>>>>>
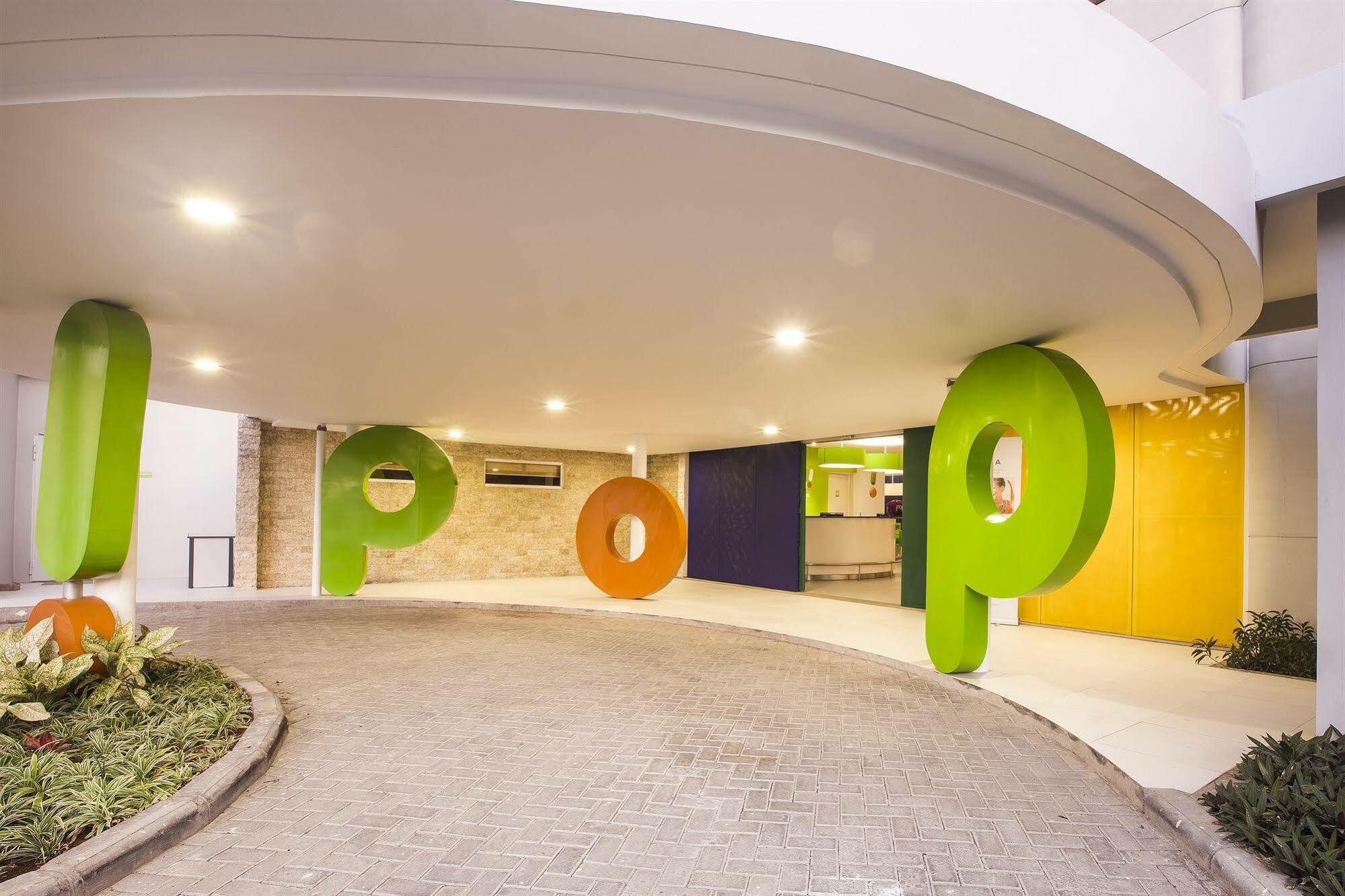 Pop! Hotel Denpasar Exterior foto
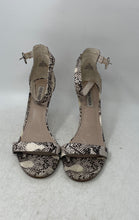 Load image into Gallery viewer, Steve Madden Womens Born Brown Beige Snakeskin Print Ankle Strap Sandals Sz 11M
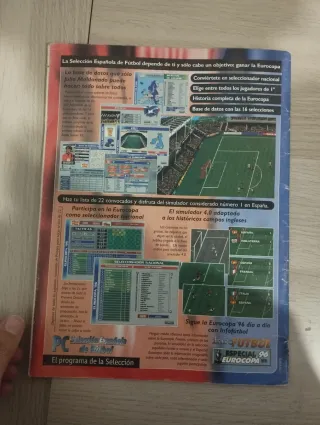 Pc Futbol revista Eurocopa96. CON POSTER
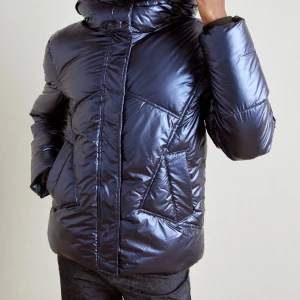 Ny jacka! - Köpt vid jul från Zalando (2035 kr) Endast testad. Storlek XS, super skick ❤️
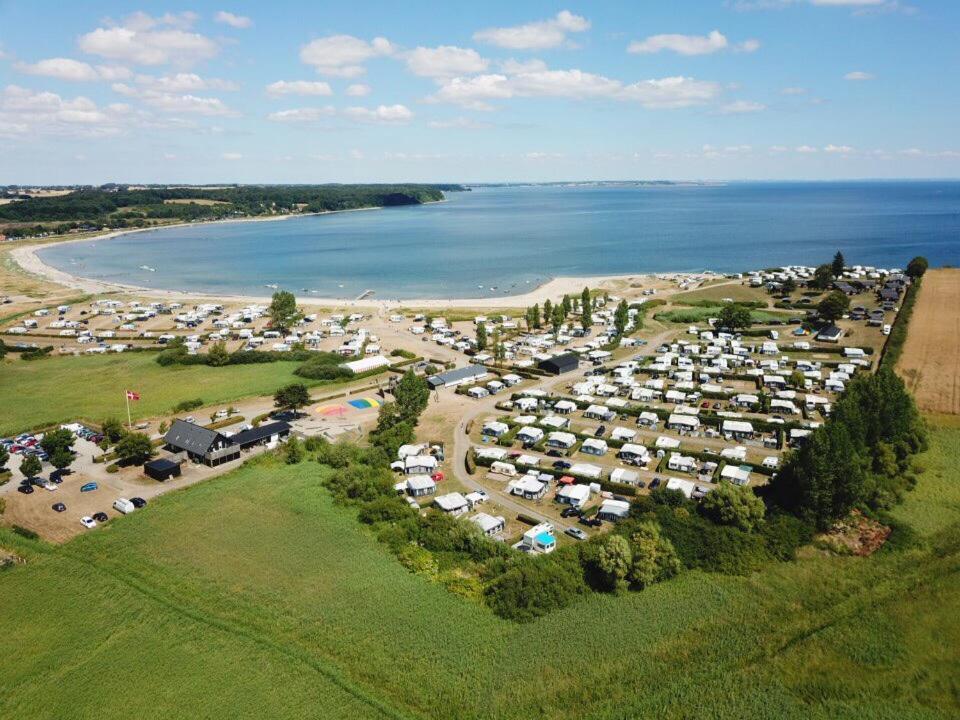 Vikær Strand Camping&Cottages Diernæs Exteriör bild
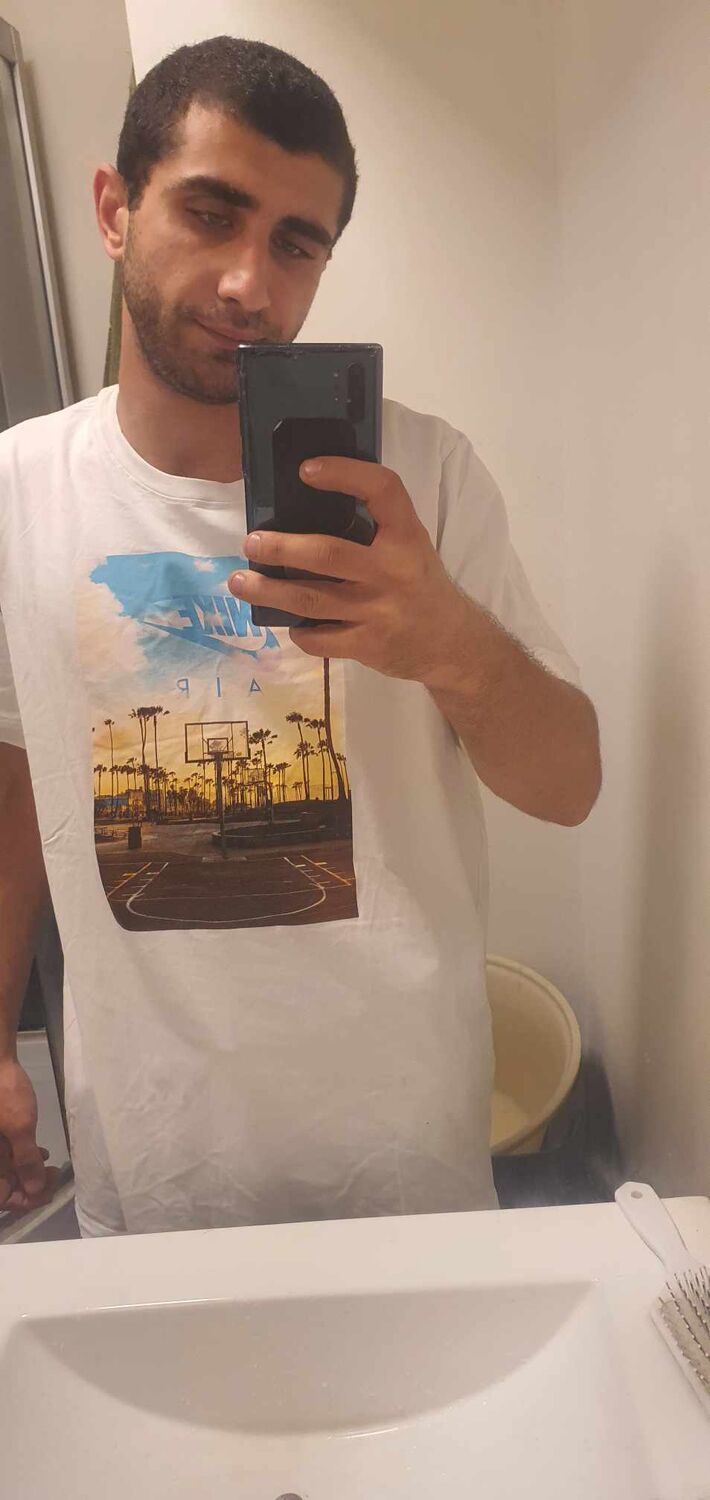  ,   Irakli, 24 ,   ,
<<<<<
[Work instruction]: Give again, word for word, only the lines from the line containing "Ny jacka! - Köpt" through the last line above, both included; leave the pictures out.

[Solved problem]:
 Ny jacka! - Köpt vid jul från Zalando (2035 kr) Endast testad. Storlek XS, super skick ❤️
 Vikær Strand Camping&Cottages Diernæs Exteriör bild
  ,   Irakli, 24 ,   ,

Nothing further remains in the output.